Otra cosa que me preocupaba era yo mismo. Tenía miedo de que mis ventas empezaran a decaer, y de que se extrañaran en la oficina y me preguntaran qué me pasaba. Esto, más adelante, cuando se pusieran a pensar en ello de nuevo, no me convendría. Tenía que vender muchos seguros mientras preparaba este otro asunto. Trabajé como un negro. Visité a todos los candidatos con los cuales tenía alguna posibilidad de hacer negocio y me causa vergüenza lo pesado que me puse. Créase o no, mis cifras arrojaron un aumento del doce por ciento en marzo, dos por ciento más en abril, y en mayo, cuando hay mucha actividad en coches, aumentaron otro siete por ciento. Llegué a hacer una combinación entre mi compañía financiera y un gran sindicato de coches de segunda mano, y eso ayudó también. Los libros no tenían nada de qué acusarme. Fui el niño prodigio de las dos oficinas aquella primavera. Todos se quitaban el sombrero.

—Va a una reunión de todos los compañeros de su clase en Palo Alto.

—¿Cuándo?

—En junio. Dentro de un mes y medio, más o menos.

—Está bien. Eso era lo que necesitábamos.

—Pero desea ir en coche. Quiere llevárselo, y que yo vaya con él. Si me niego, armará un escándalo.

—¿Sí? Está mal que te des tanta importancia. Sea a una reunión de exalumnos o a la tienda de la esquina, cualquier hombre prefiere ir solo a ir con su mujer. Estará procurando ser cortés. Háblale demostrando que no tienes interés en la reunión de exalumnos, y se convencerá de que puede ir solo. Se convencerá con tanta facilidad que quedarás boquiabierta.

—Eso sí me gusta.

—Supongo que no te puede gustar. Pero ya lo verás.
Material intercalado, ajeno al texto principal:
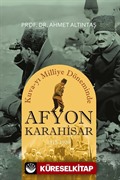 Kuva-yı Milliye Döneminde Afyonkarahisar (1918-1920)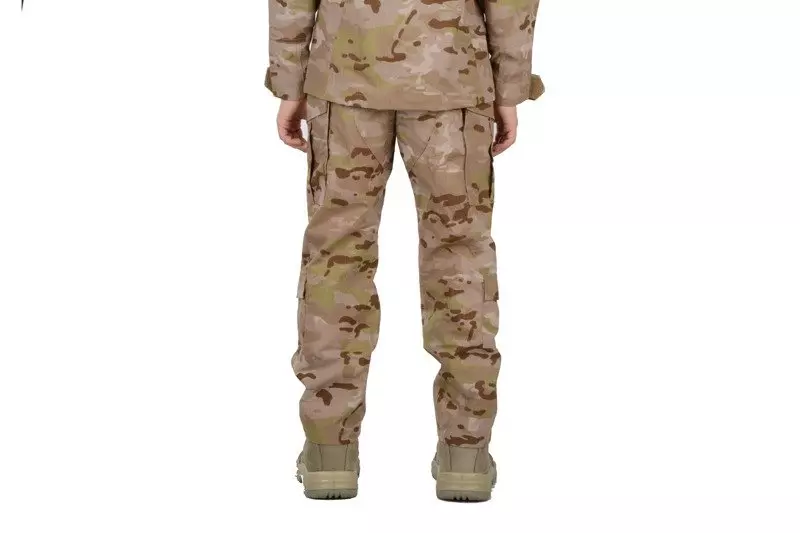 ACU Uniform Set, Child Size - MC Ard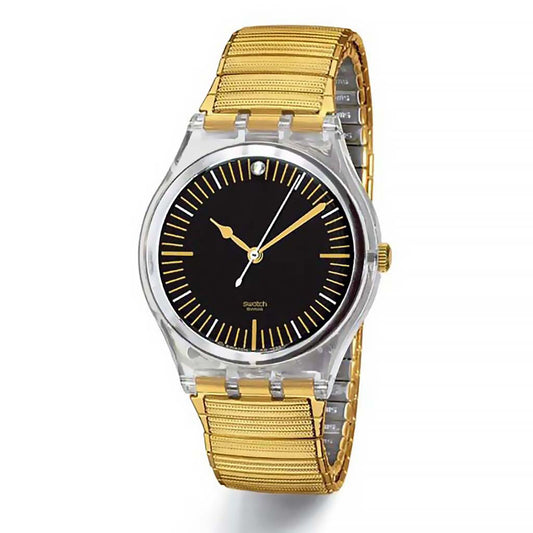 Swatch Gent Flex Sternfinsternis GK315
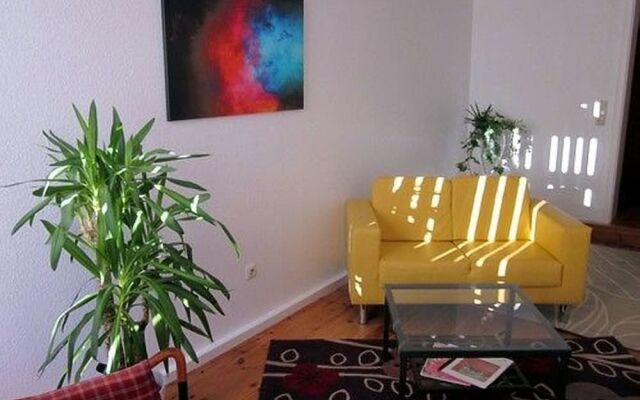 Historisches Hotel Altes Pfarrhaus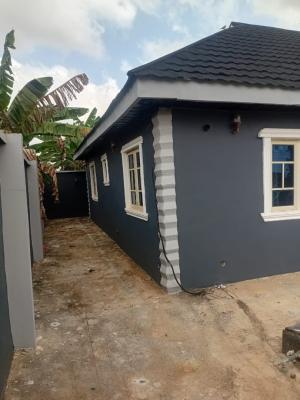 Spacious 3-bedroom Bungalow, Aparadija, Aiyetoro, Itele, Ota., Ojota, Lagos, House for Sale
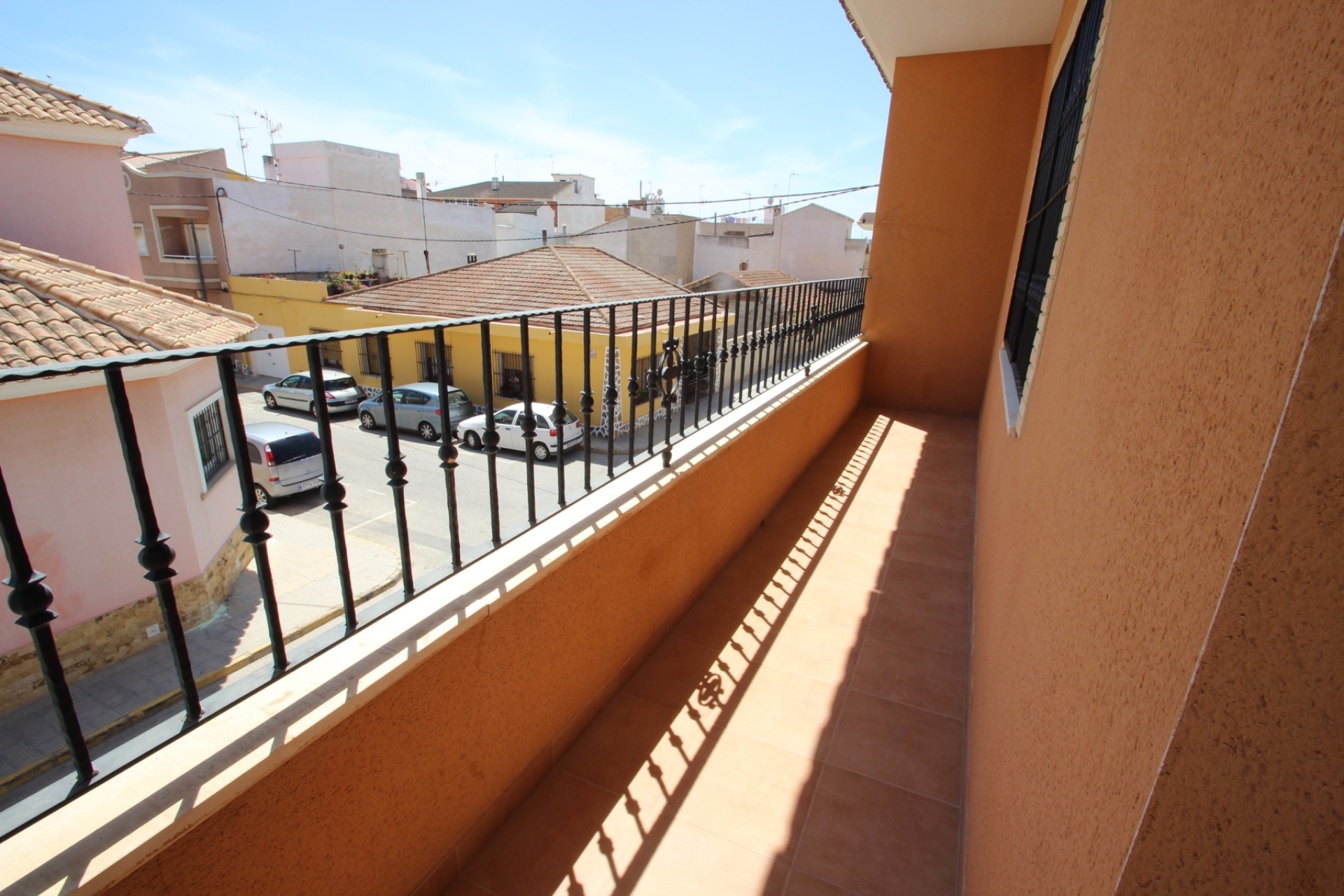 Prodej - Apartment - Los Montesinos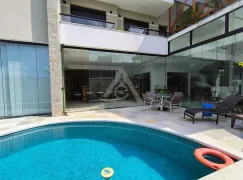 Casa de Condomínio com 4 Quartos à venda, 472m² no Alphaville Dom Pedro, Campinas - Foto 32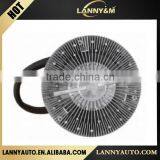 Hot Sales Auto Parts Volvo Viscous Fan Clutch OEM 20450239 85000177 8MV 376 731-471 thumbnail-1
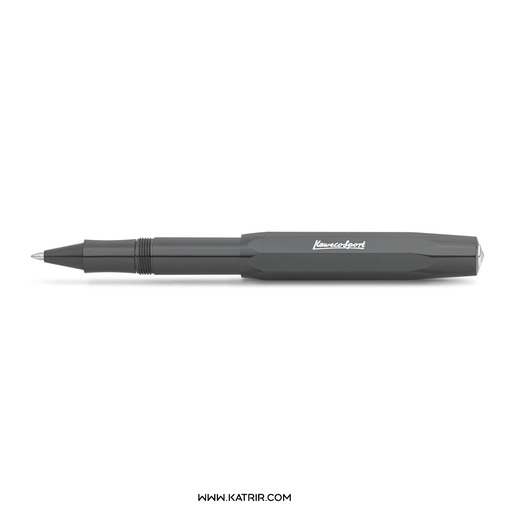 روان نویس کاوکو ( Kaweco ) مدل اسکایلاین اسپورت ، مشکی ، کد 10000774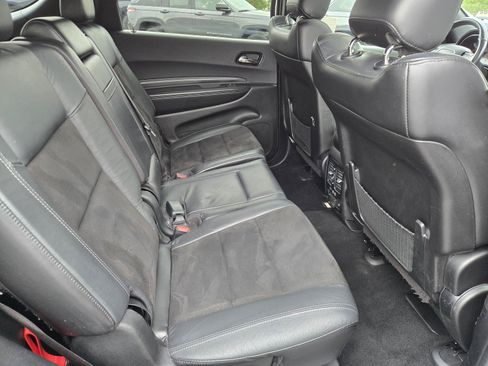 Used 2021 Dodge Durango GT RWD image 30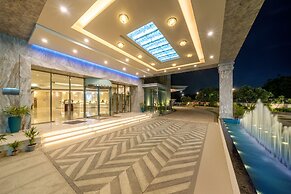 Vivanta Ahmedabad SG Highway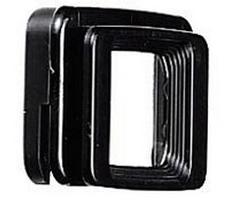 Nikon +0.5 Correction Objectif DK-20C Rectangular Oculaire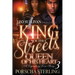 King of the Streets, Queen of Her Heart 3: A Legendary Love Story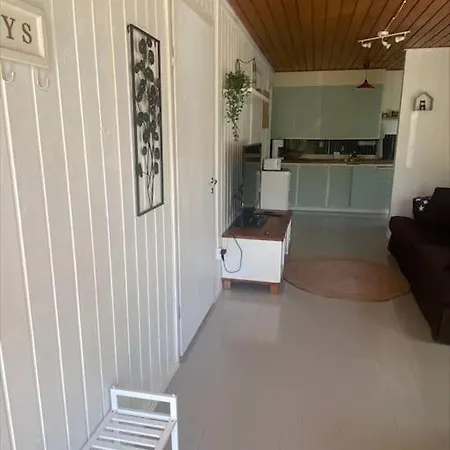 Stugan 度假居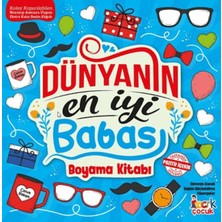 Getittir Dünyanın En Iyi Babası
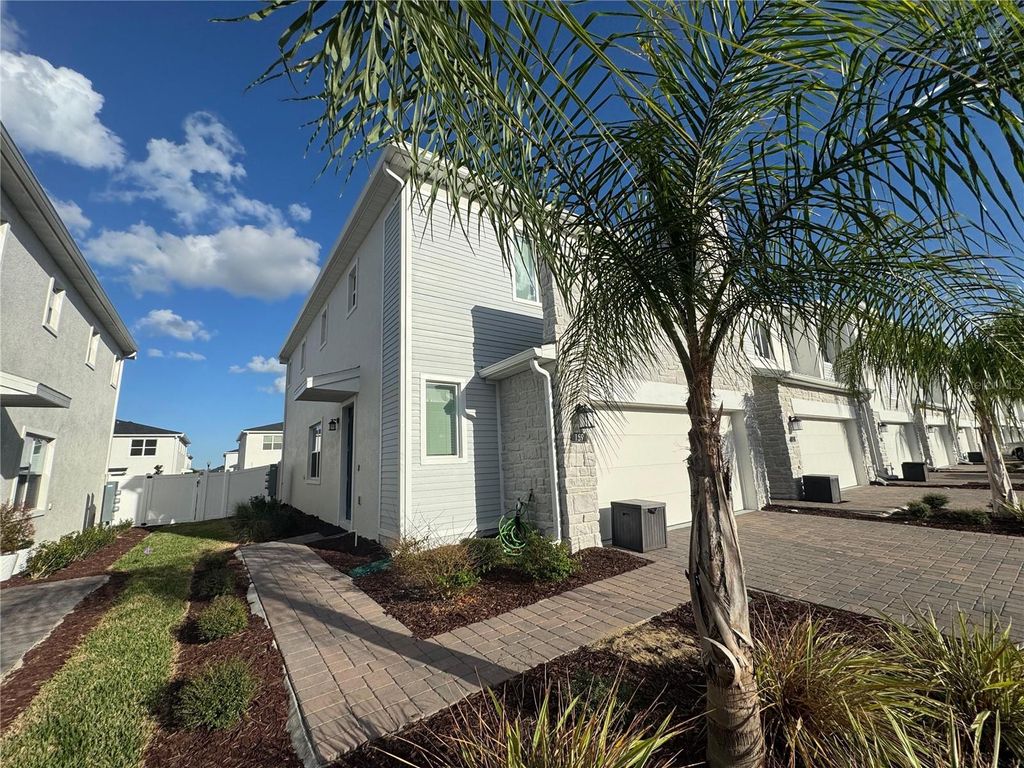 Photo of 159 Bogey Drive, Davenport, FL 33896 (MLS # S5145401)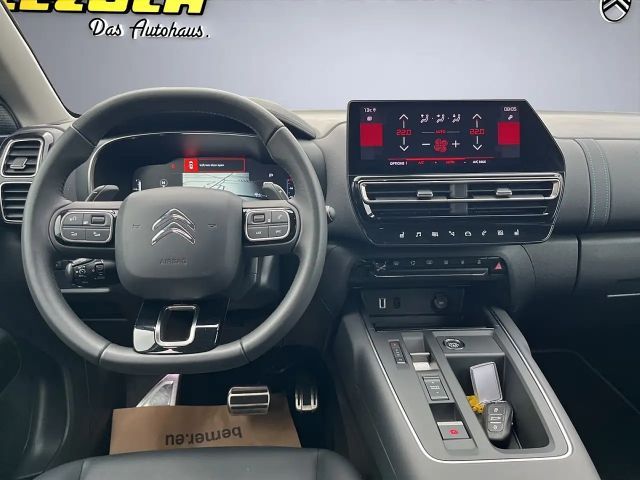Citroën C5 Aircross BlueHDi Feel Pack
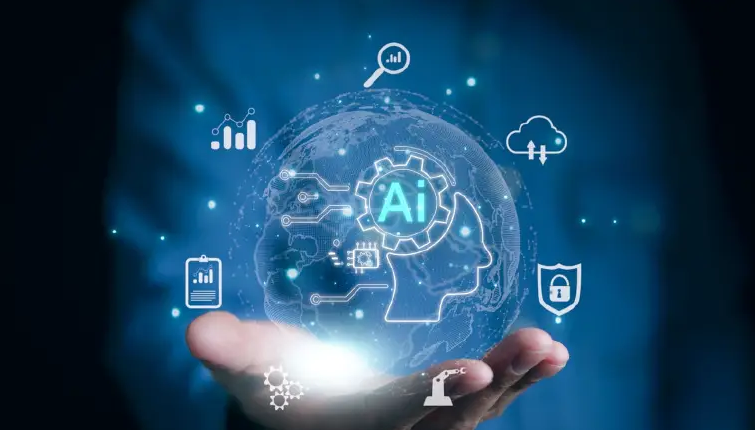 AI预测诺奖引热议 这游戏用设计圈粉新人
Esa fue la forma en que las cosas se hicieron; pero, a pesar de que ella le insistió toda una semana, no consiguió que desistiera de usar el coche.

—Dice que lo necesita, porque habrá muchos sitios adonde querrá ir: picnics y cosas parecidas, y que si no dispone del suyo tendrá que alquilar uno. Además, aborrece los trenes. En el tren se marea.

—¿No puedes hacer una escena?

—Ya la hice. He hecho todo lo que puedes imaginarte; pero no hay manera de que cambie de idea. He extremado las cosas a tal punto, que Lola ya casi no me habla. Cree que es un egoísmo de mi parte. Puedo hacer la prueba de nuevo, pero…

—No, diablos, no.

—Podría hacer otra cosa. El día antes del viaje, no me sería difícil estropearle el coche. Romper la puesta en marcha o cosa por el estilo, de tal modo que tenga que llevarlo al taller. En ese caso, no le quedará otro remedio que viajar en tren.

—Nada de eso. Ni siquiera el más leve asomo. En primer lugar, ya has insistido mucho, y pueden sospechar algo; y créeme si te aseguro que Lola será difícil de convencer después. En segundo lugar, necesitamos el coche.

—¿Lo necesitamos?

—Es indispensable.

—Todavía no entiendo… qué es lo que vamos a hacer.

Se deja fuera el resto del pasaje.